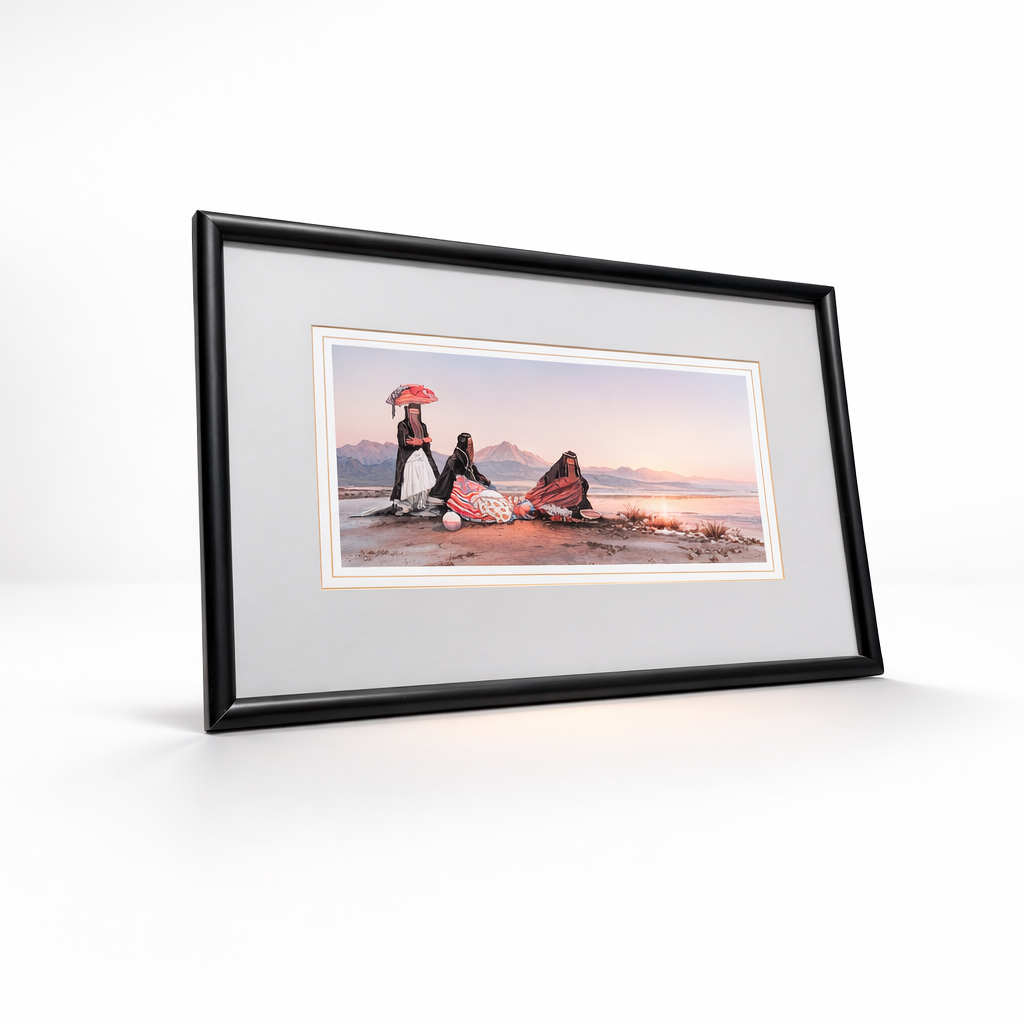 Vintage Framed Watercolour – Middle Eastern Women by Water, c.1970s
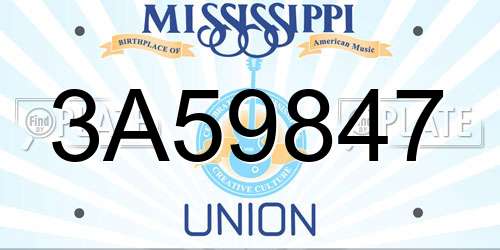 3A59847 Mississippi License Plate
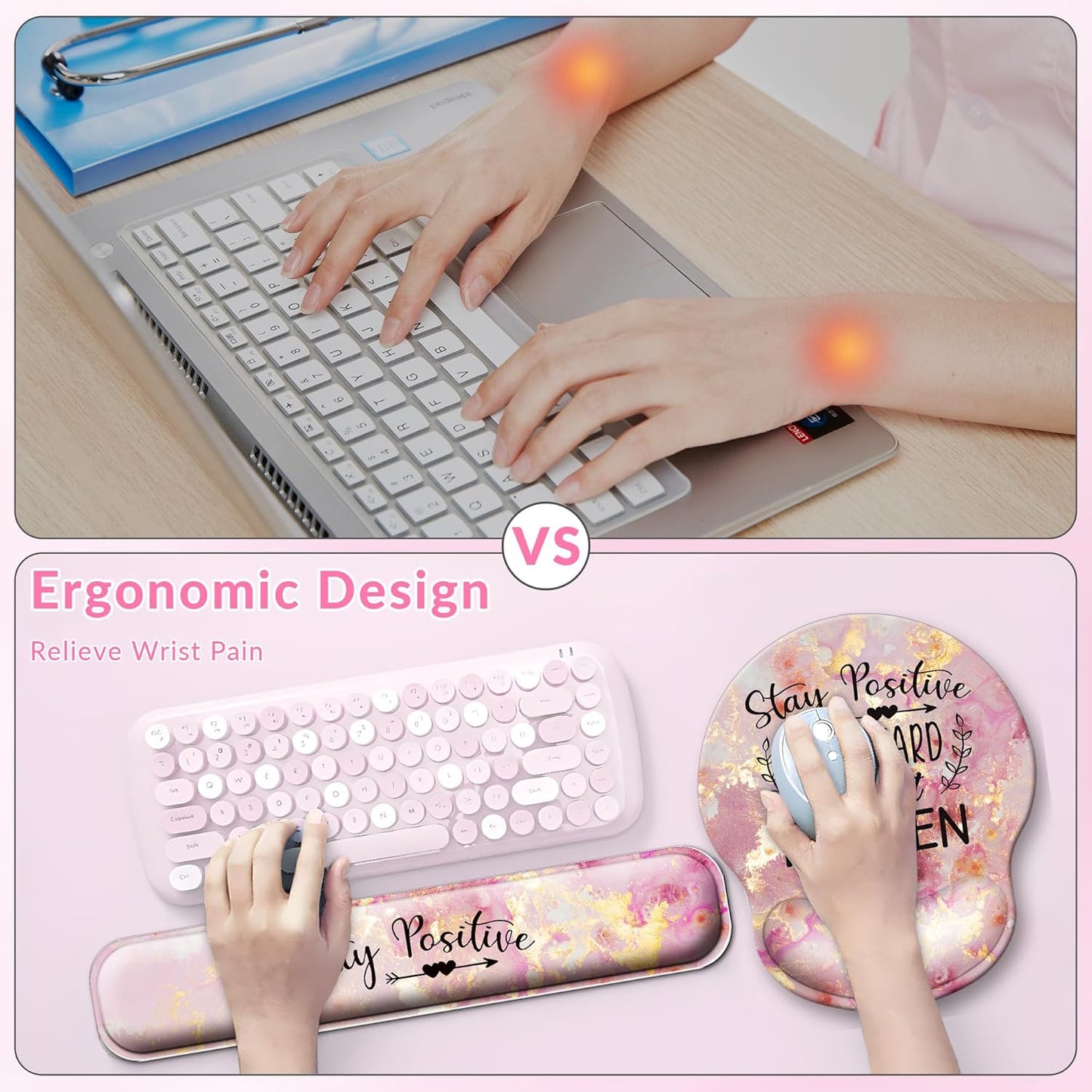Desk Mat Set + Keyboard and Mouse Pad with Wrist Rest Support,4-in-1 Large Mousepad Computer Mats for Desktop Home & Office-Purple Butterflies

Exercise directions:
Reproduce word for word the lines from the line holding "3A59847 Mississippi License Plate" through the last line of the material above, inclusive, and keep pictures out of it.

Answer to this problem:
 3A59847 Mississippi License Plate
Desk Mat Set + Keyboard and Mouse Pad with Wrist Rest Support,4-in-1 Large Mousepad Computer Mats for Desktop Home & Office-Purple Butterflies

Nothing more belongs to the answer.